After snapping approximately forty four similar shots, I was startled to discover that it had lost none of its charm. Indeed I even began to hope the train would be delayed even longer and give me more excuses to further my Art. But, alas, the train did arrive, and its crowded carriages stunted my photography. I used this time to review the photos I had already taken. They were all incredible. To the casual observer, they may all look so similar that you'd wonder why I took so many, but to anyone with an open mind, they were a revelation. I excelled in subtlety. A slight change of angle here, a minor tilt of the head there and, in extreme cases, a change in location, was all I needed to explore the inner depths of my soul. And it never got indulgent. Perhaps that was the thing that surprised me most. No matter how many seemingly identical photos I took of myself, they all maintained a freshness and vitality that would put most galleries to shame.

Sometimes, just sometimes, I'd squeeze someone else's head in there, but they were much less successful and, as a result, much rarer. They were crass rather than intimate and personal; they had no point. With the self-portraits, I was exploring a theme, and each photo developed that theme; with the group shots, I was just having fun with my friends. Now, there's nothing wrong with having fun with friends, but really, it's not art.

Having thousands of shots on my phone was all very well and good, but nobody was seeing them but me. That was indulgent, I'll admit. So I decided to upload them to my website, which was probably the most significant development in my art. Now everybody saw them. And everybody loved them. I was afraid people wouldn't understand it, and there were a couple of people who clearly didn't, but on the whole the response was overwhelmingly positive. I had struck gold.

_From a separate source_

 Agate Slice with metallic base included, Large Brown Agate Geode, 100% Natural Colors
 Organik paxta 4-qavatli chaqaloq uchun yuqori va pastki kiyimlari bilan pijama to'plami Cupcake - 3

The great thing about the series is that it will always remain fresh and interesting. Why? Because I keep changing. It's a reflection of me, where I'm at when I took it. It's comforting. It's a friend when you're lonely. I hope you all enjoy it.

2 comments:

Anonymous said...

I'm hoping that you are not mocking me...(because to do so you will need to kill a bird - another bad joke from the stephan winter collection)anyway where was i...ah...yes...i hope it thoroughly amuses you that i continue to act upon my boredom and i hope with you as many others we can cherish these moments...and then meshwarp them in a photo editing program......

Hugh said...

Ah, mesh-warp. The good ol' days. Get to it, boyo.